**Exercise description**
Everything from the line with "Apex predators Book" down to the line with "Amazon | ブシロード スリーブコレクション ハイグレード Vol.4764" below must be printed exactly, those two lines included. Exclude pictures.

**Data provided**
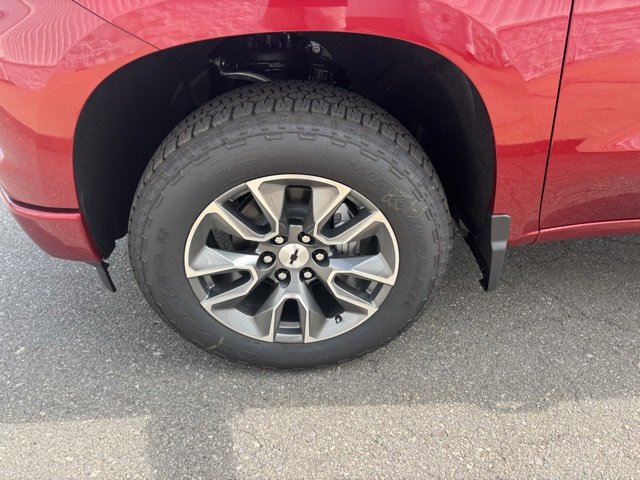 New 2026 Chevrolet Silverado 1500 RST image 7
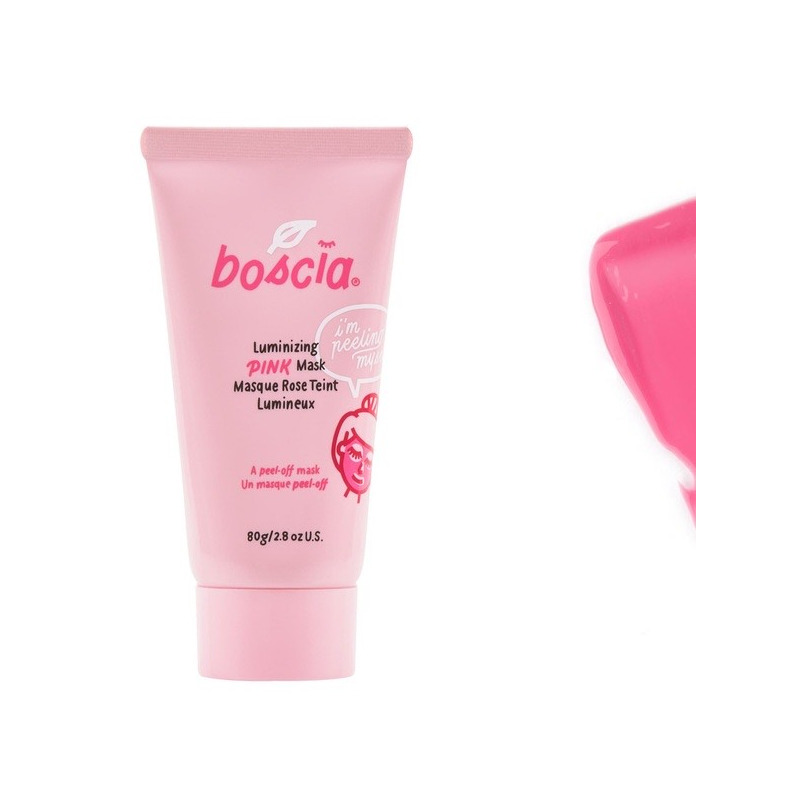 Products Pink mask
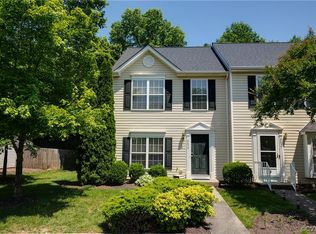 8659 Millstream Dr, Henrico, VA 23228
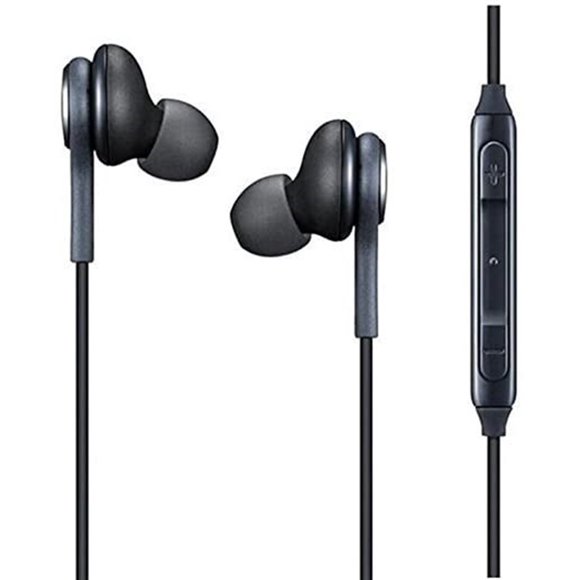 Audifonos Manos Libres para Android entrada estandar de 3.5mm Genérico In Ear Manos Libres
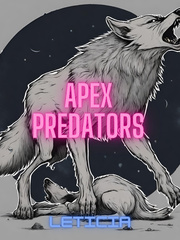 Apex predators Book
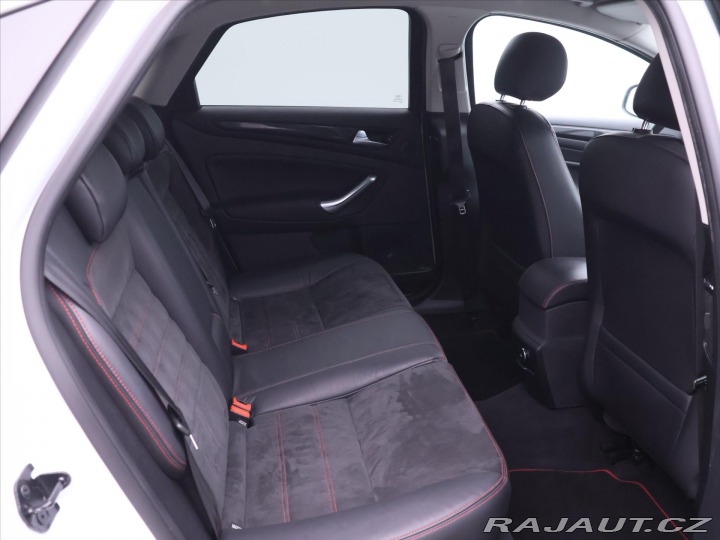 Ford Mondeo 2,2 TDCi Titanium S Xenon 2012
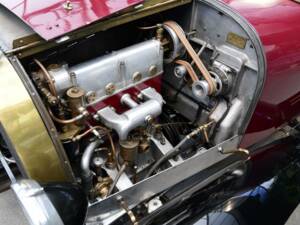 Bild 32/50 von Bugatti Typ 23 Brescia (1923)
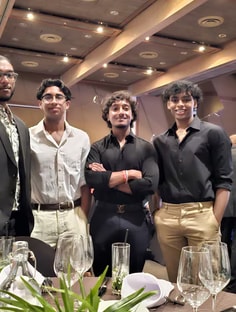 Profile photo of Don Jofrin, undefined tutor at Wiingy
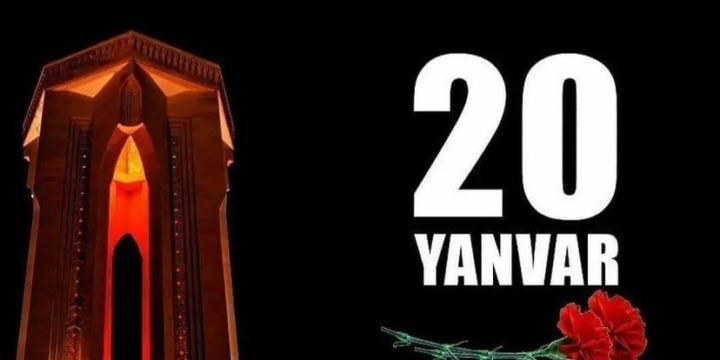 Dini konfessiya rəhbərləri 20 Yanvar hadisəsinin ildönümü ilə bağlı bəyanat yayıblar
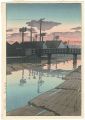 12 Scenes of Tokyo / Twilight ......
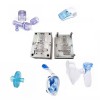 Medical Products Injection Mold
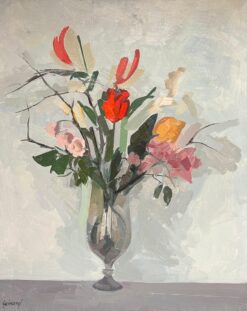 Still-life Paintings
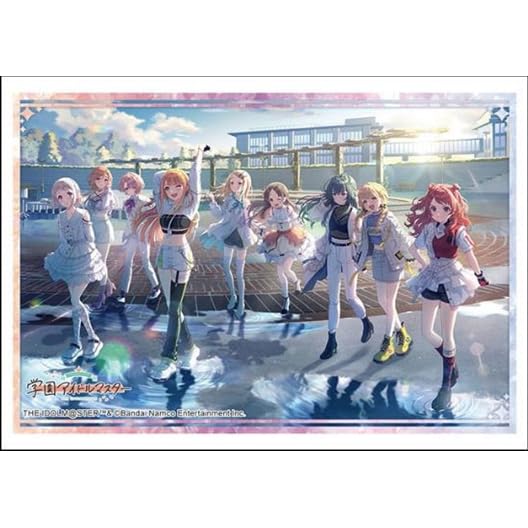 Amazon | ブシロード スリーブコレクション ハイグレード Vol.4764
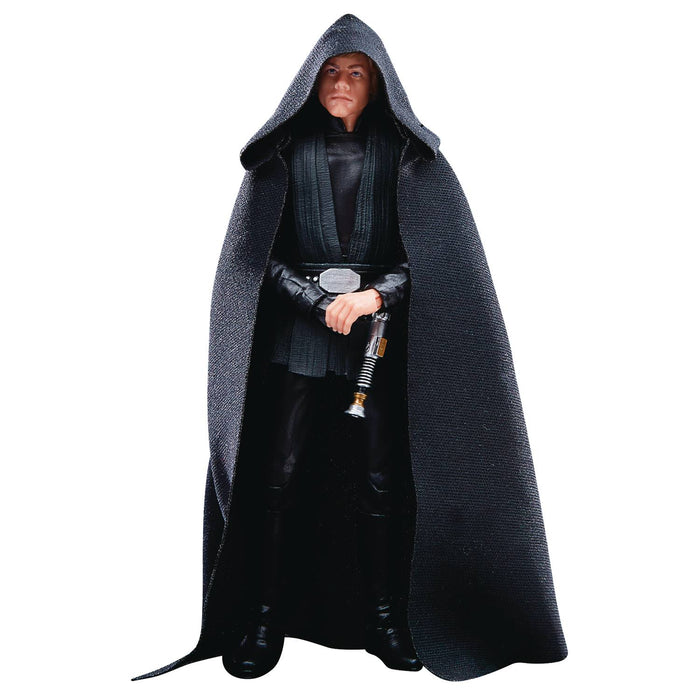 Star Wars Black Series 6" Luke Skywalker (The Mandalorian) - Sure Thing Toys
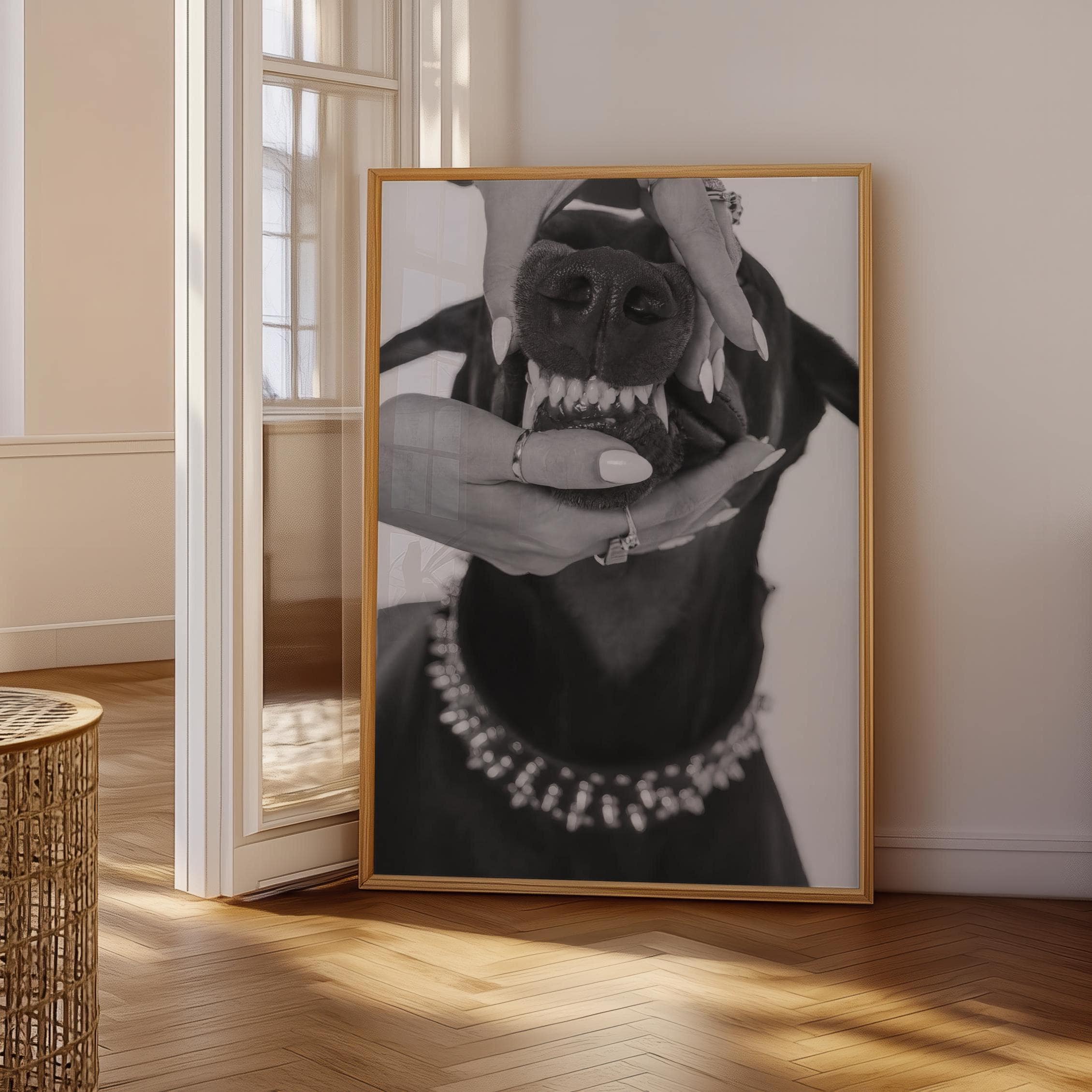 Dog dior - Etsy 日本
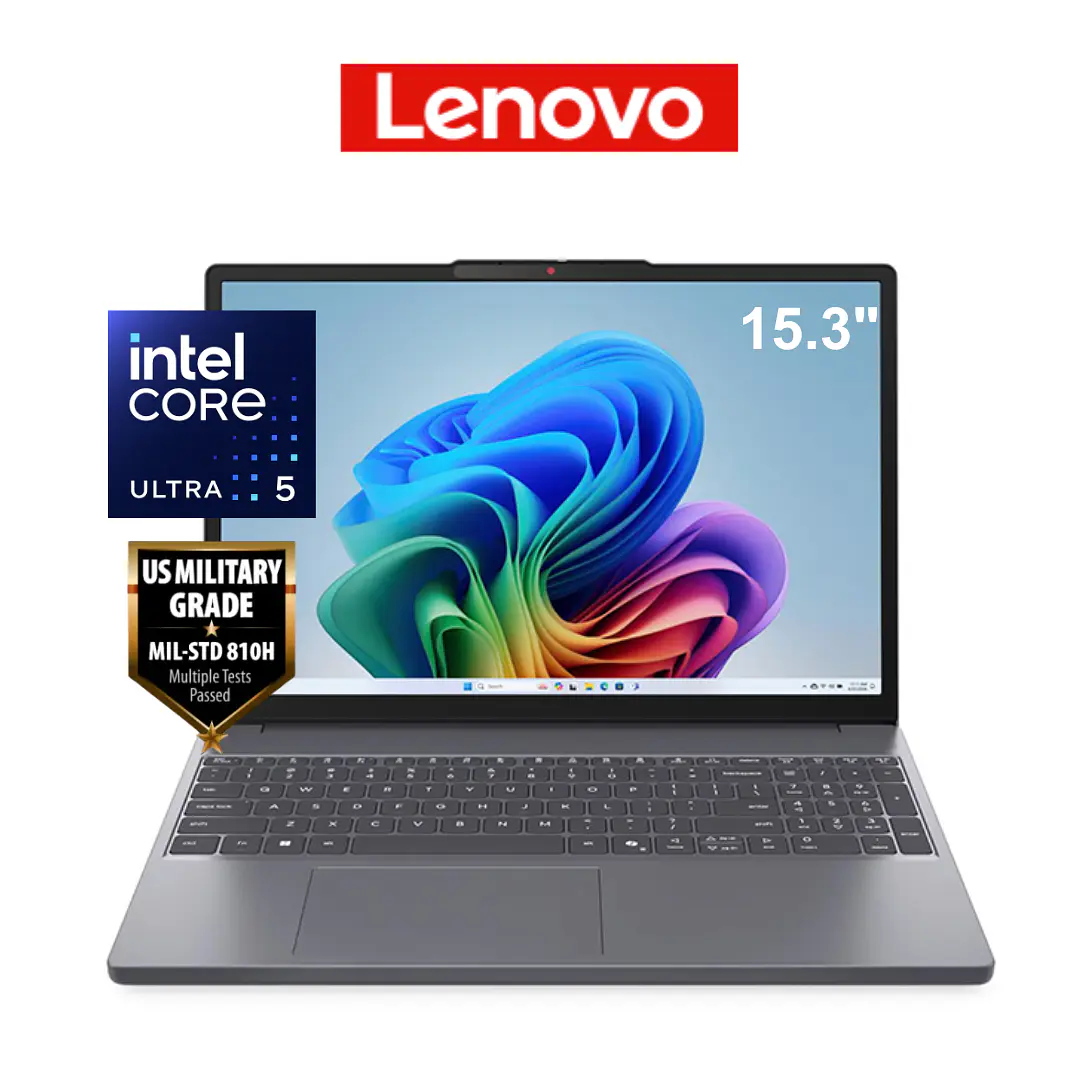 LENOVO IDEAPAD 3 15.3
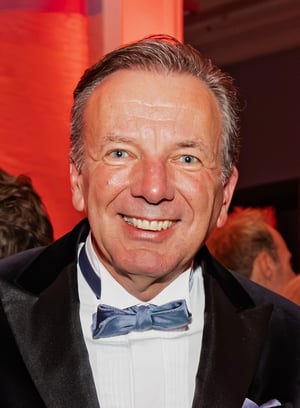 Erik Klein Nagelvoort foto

**Task answer**
 Apex predators Book
 Ford Mondeo 2,2 TDCi Titanium S Xenon 2012
 Bild 32/50 von Bugatti Typ 23 Brescia (1923)
 Profile photo of Don Jofrin, undefined tutor at Wiingy
 Dini konfessiya rəhbərləri 20 Yanvar hadisəsinin ildönümü ilə bağlı bəyanat yayıblar
 12 Scenes of Tokyo / Twilight ......
 Medical Products Injection Mold
 Still-life Paintings
 Amazon | ブシロード スリーブコレクション ハイグレード Vol.4764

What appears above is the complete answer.